The recommendation (on phar.io) is to set a key up to be valid for a year, so basically the key for most projects will change on average once a year, which to me makes this sound like a very valid request.

[theseer]

Thanks for adding your opinion.

I'm not strictly against adding this option to update. I just do not see the use case where that would be helping.

The only valid edge case I can see that with an update the signing key changes and one would want to automagically allow the updated key.

I'm not sure how much of an edge case that is.

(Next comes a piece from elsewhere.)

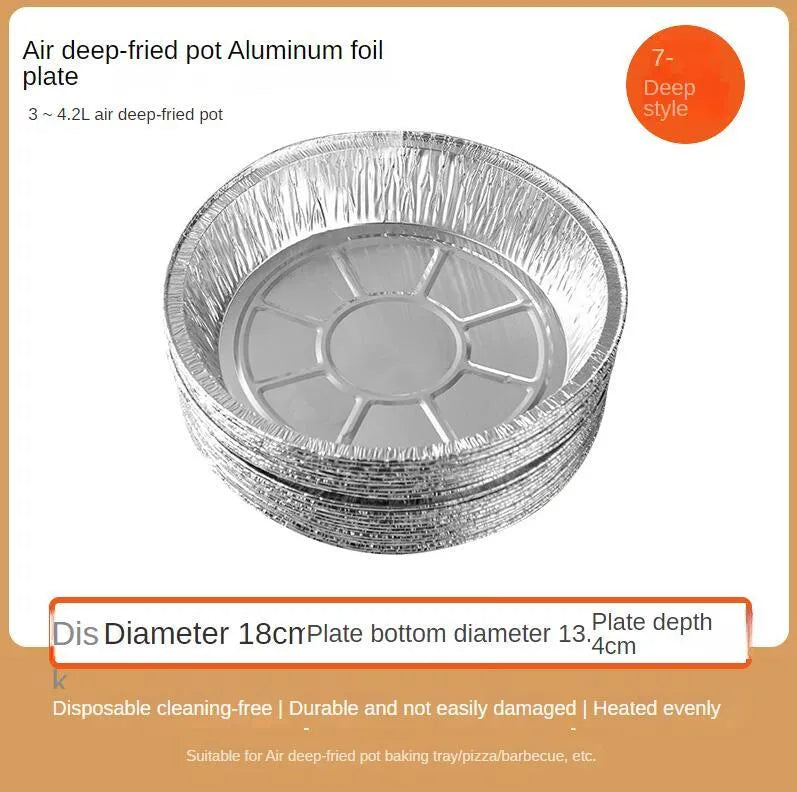 Round disposable aluminium foil liners for air fryers in four different sizes on a kitchen counter.
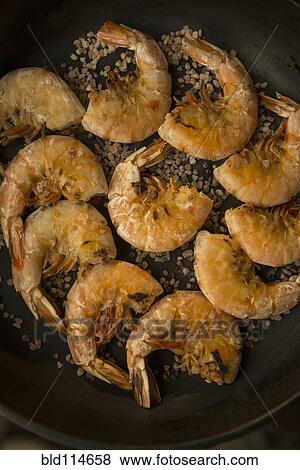 Frying shrimp in pan View Large Photo Image Stock Photo - Frying shrimp in pan. Fotosearch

The recommendation (on phar.io) is to set a key up to be valid for a year, so basically the key for most projects will change on average once a year, which to me makes this sound like a very valid request.

We do not have a problem with changing keys. Phive actually detects that a key has changed and requests a confirmation whether or not this is intended.

The --trust-gpg-keys option is intended for CI usage, where no interactive confirmation on install (and yes, neither on update) is possible. I still fail to see why one would want to run update on CI though as the result is lost after the job completed.

If you have the tools committed along, there's no need to run phive at CI at all. If you only committed the phive.xml (or .phive/phars.xml), phive install is the way to go, potentially with the --trust-gpg-keys option in case you do not have the public keys in the keyring cached / warmed upfront to get the desired state back.

The only - and to me that is an edge case - scenario I can see where running update on CI would make sense is when you want to try to see whether updated tools are available and whether or not the build still works with these. And only when install was never run on CI before - resulting in no warmed keyring being available - would we need a means to auto-import new/changed keys.

I'm also not convinced that a change of keys should/can be treated the same as a previously unknown key. But that's a different story.

[jrfnl]

@theseer Thanks for your response.

We do not have a problem with changing keys. Phive actually detects that a key has changed and requests a confirmation whether or not this is intended.

Ah, that's interesting. In that case, I agree shouldn't be needed. But that makes the issue I reported in #427 all the more weird (though I am still presuming I'm doing something wrong there).

Sorry for the noise. I came across this issue while looking to see if what I was seeing in #427 had been reported before.

[theseer]

Sorry for the noise. I came across this issue while looking to see if what I was seeing in #427 had been reported before.

Your comments are - as far as my experience goes - never noise. And this issue is still open for the very reason I want to get more input before making a change.

I currently have hardly any time to work on open source, so I'm even more reluctant to implement things I do not understand the use case for :)

[JakeQZ]

reluctant to implement things I do not understand the use case for :)

We switched to not having the PHARs under version control (as you may see from the cross-referenced PRs/commits). This seems to work better in general for multiple development environments across various platforms, and we've not IIRC had any issues since.

Possibly we may have misunderstood the best practices at the time of setting up, though that was before GitHub Actions, when we were using Travis, so I can't be sure.

I think it should be stated clearly in the docs that it is not recommended to put the PHARs under version control. (Though there may be use-cases where you want that, for some specific reason.)